|This article needs additional citations for verification. (July 2009)|
|Based in||Philadelphia, Pennsylvania|
|Home field||Franklin Field|
|Head coach||Ron Waller (1974)
Willie Wood (1975)
|Owner(s)||John B. Kelly, Jr.
|League||World Football League|
|Colours||Blue and gold ‹See Tfm› ‹See Tfm›|
The Philadelphia Bell was a franchise in the World Football League, which operated in 1974 and a portion of a season in 1975. The Bell played their home games at Franklin Field in Philadelphia. The team logo was a representation of the Liberty Bell.
The Bell was one of just two WFL teams that maintained the same ownership in both 1974 and 1975. The group was headed by John B. Kelly, Jr., a respected business and sportsman in Philadelphia and part of the well-known Kelly family, which included his sister Grace Kelly, movie star turned Princess of Monaco. The major money contributor behind the ownership group was John Bosacco, who came forward during the first season and took over the operations of the franchise. Bosacco believed that the WFL could survive as a league and he was instrumental in the removal of Gary Davidson as commissioner following the 1974 season. Ron Waller was hired as head coach in 1974. Waller was fired during training camp at Glassboro State University (now called Rowan University) in 1975. He was replaced by NFL Hall of Famer Willie Wood for the entirety of the 1975 season.

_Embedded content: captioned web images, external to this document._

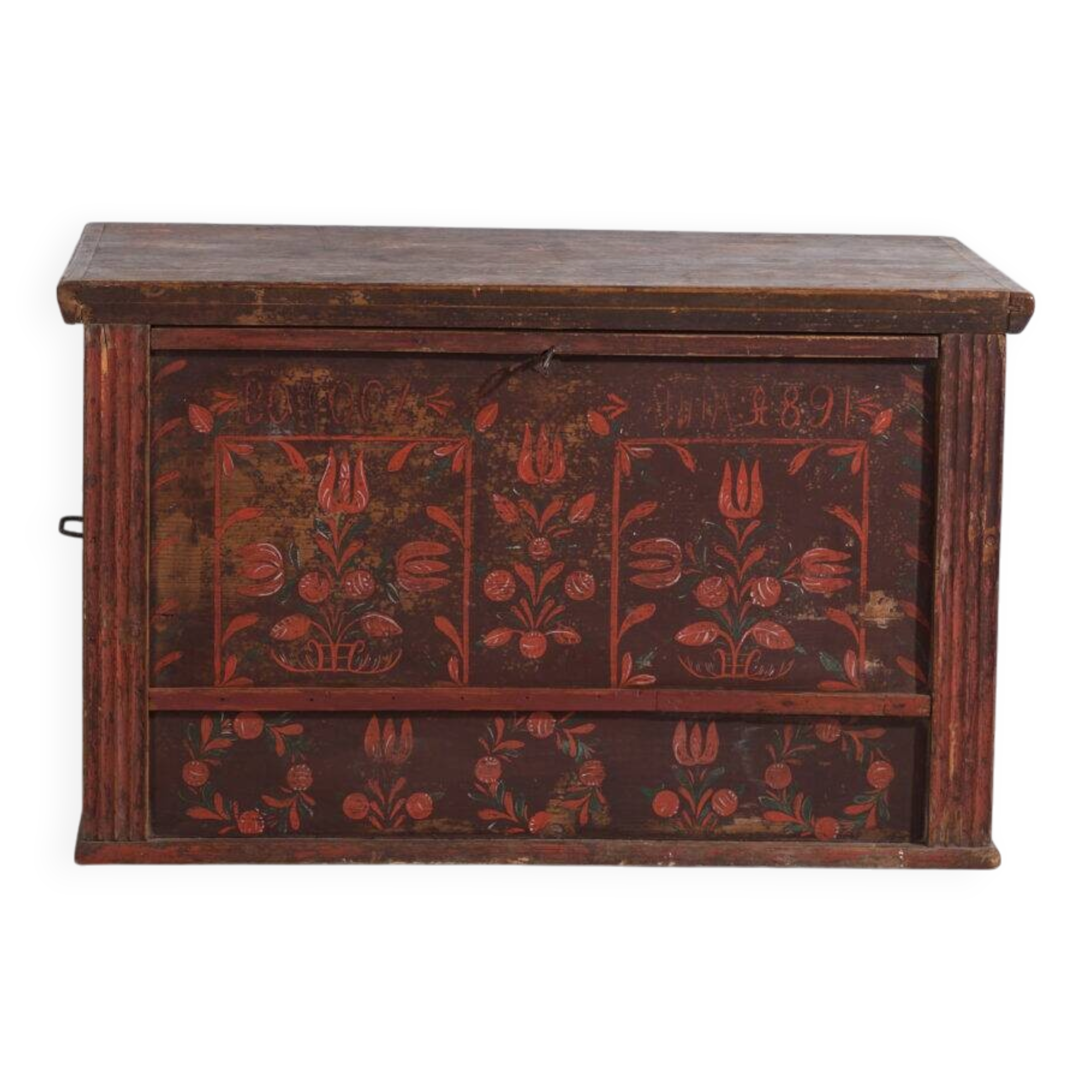Wedding chest in pine with painted tulips – Central Europe, 1891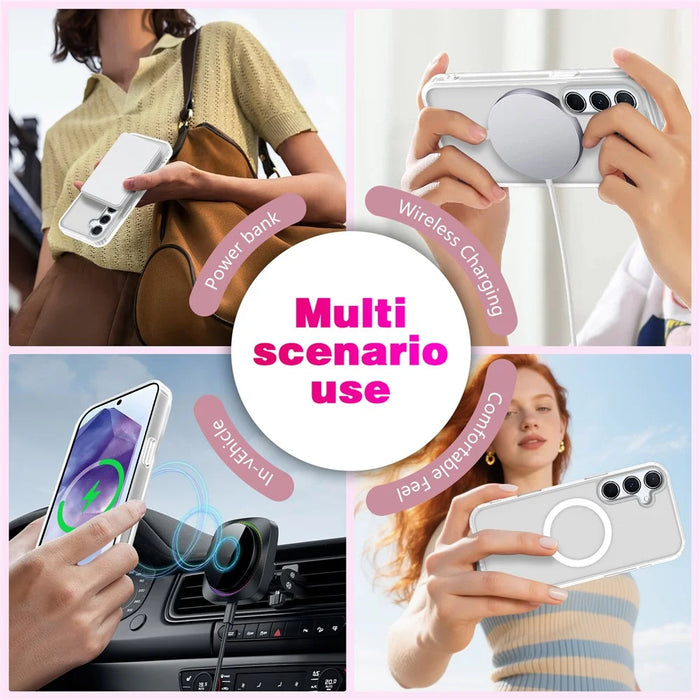 For Samsung Galaxy S24 FE Magnetic Case Skin Touch TPU + PC 2.0mm Thickness Anti-drop Phone Cover - White - 3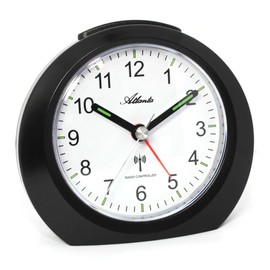 Radio Alarm Clock without Ticking with Light Snooze Luminous Hands Analogue 1856 (Black)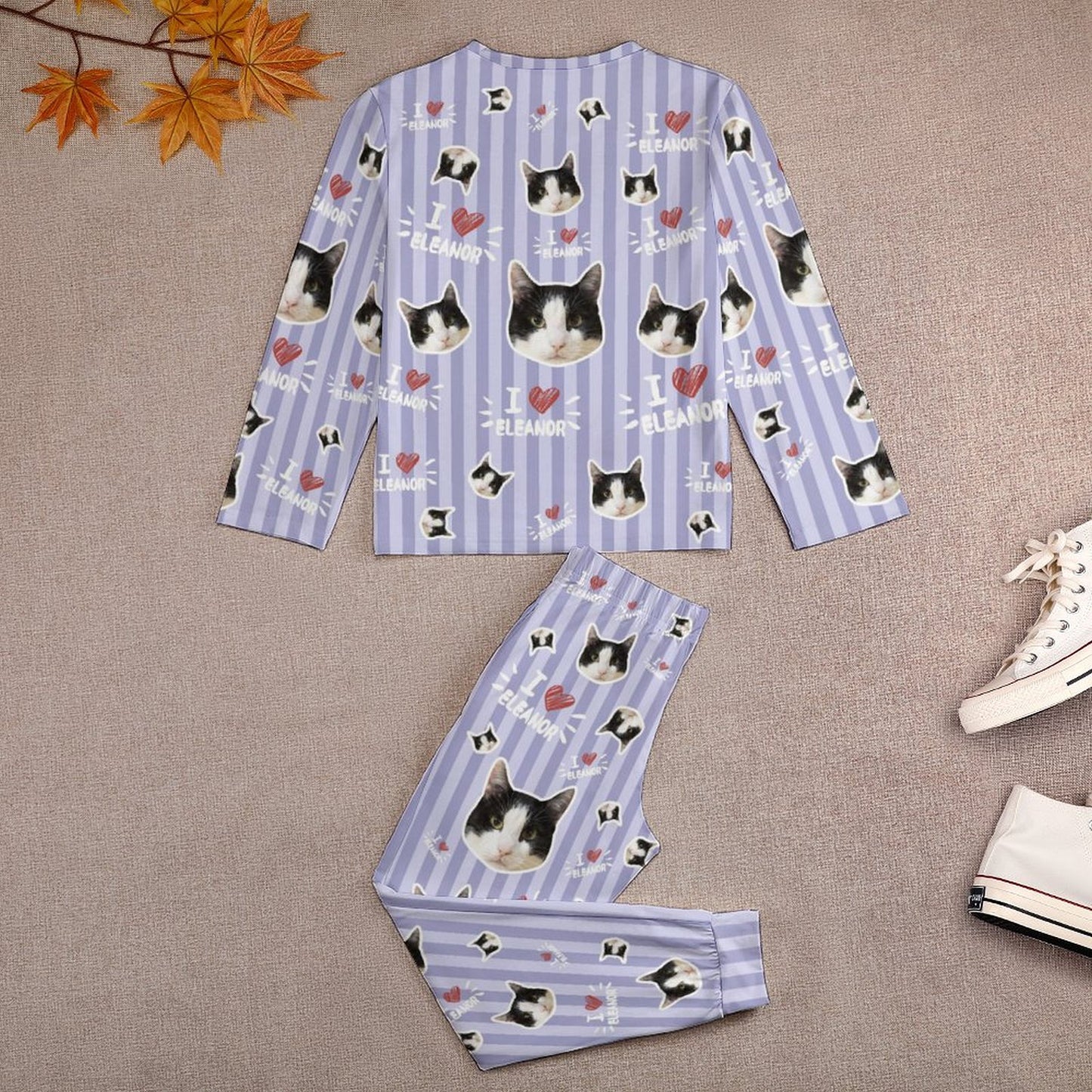 Custom Pet Face Sripe Kids Pajama Set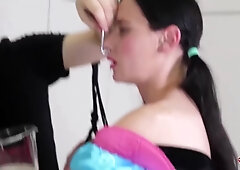 Messy Sub Gagging And Sucking On Dick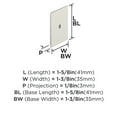 thumbnail image 6 of Amerock Maymont 1-5/8 inch (41mm) Length Square Satin Nickel Cabinet Knob Backplate, 6 of 7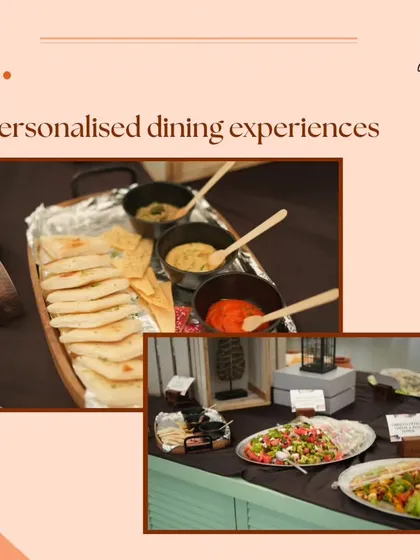This image collage showcases our personalized dining experiences, featuring a variety of dishes from salads to platters. We customize every menu to fit the theme and preferences of your event.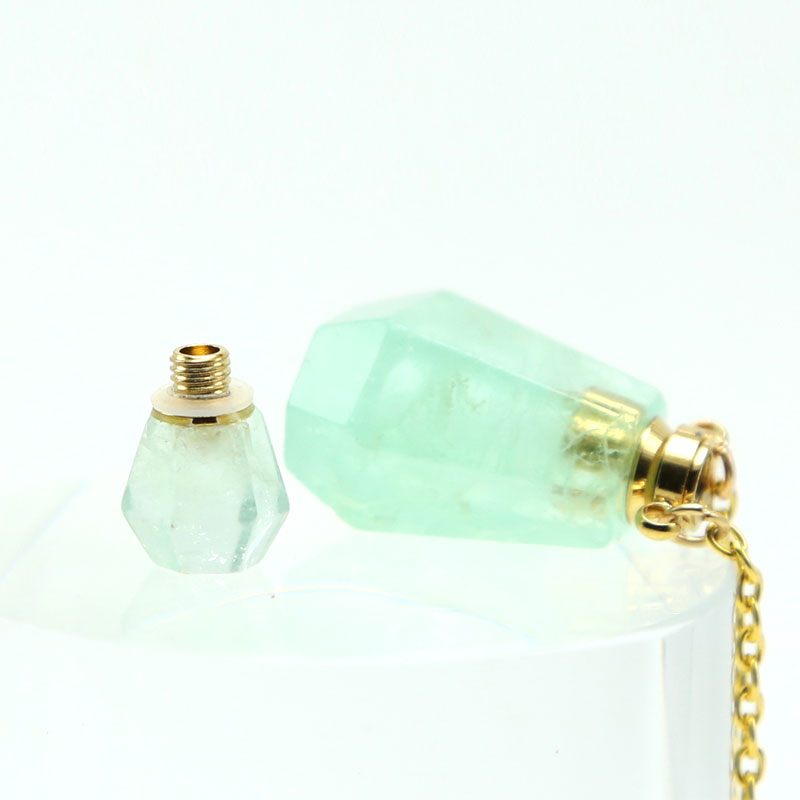 Natural Green Aventurine Essential Oil Bottle Necklace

At first the team seemed to be one of the WFL's most popular teams. They announced a crowd of 55,534 for the home opener, and 64,719 for the second home game. However, when the Bell paid city taxes on the attendance figures two weeks later, it emerged that they had inflated the gate on a scale almost unprecedented in professional sports. It was later revealed that the Bell sold block tickets to several area businesses at a discount, and the tax revenue was not reported. In turn, many of these businesses gave away the tickets for free. The actual paid attendance for the home opener was only 13,855, while the paid attendance for the second game was only 6,200. In many cases, several of those paid tickets were sold well below face value. It was presumed that the Bell had sold the so-called "freebies" to pique interest. Nonetheless, the "Papergate" scandal, as it was dubbed by the press, made the Bell and the WFL look foolish, and proved to be a humiliation from which neither recovered.

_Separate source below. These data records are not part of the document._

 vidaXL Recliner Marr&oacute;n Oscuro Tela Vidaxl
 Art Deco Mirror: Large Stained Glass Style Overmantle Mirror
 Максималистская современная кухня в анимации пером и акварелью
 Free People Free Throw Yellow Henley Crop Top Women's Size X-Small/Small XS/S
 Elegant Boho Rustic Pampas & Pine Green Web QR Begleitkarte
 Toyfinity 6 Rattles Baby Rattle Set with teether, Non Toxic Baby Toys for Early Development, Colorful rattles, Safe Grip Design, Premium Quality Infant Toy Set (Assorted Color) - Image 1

During the 1974 season, the Bell finished with a losing season, finishing 9–11, one game behind the Charlotte Hornets for the final playoff spot. However, advance ticket sales for the Hornets' first-round game against the Florida Blazers in Orlando were so meager that the financially troubled Hornets (who had moved from New York City in mid-season) would not have come close to meeting their travel expenses. At the request of league officials, the Bell advanced in their place and lost to the Blazers, 18-3.
Despite the Papergate fiasco, the Bell were reckoned as one of the WFL's stronger franchises, and at least had the potential to have been successful had the WFL been better run. Bosacco was one of only three owners, along with the Memphis Southmen's John F. Bassett and The Hawaiians' Sam Battisone, thought to be capable of fielding a team in 1975. Those three teams had also been the only ones to meet payroll every week of the season.
The Bell had a record of 4–7 in 1975 at the time of the league's dissolution.
Vince Papale, the inspiration for the 2006 film Invincible, played wide receiver for the Bell for two seasons prior to his three years with the Philadelphia Eagles. The Bell's starting quarterback was King Corcoran, who spent most of his career in the minor leagues due to his refusal to accept a backup quarterback position. Both Papale and Corcoran had recently played in the Seaboard Football League, the minor league that was active at the time in the area.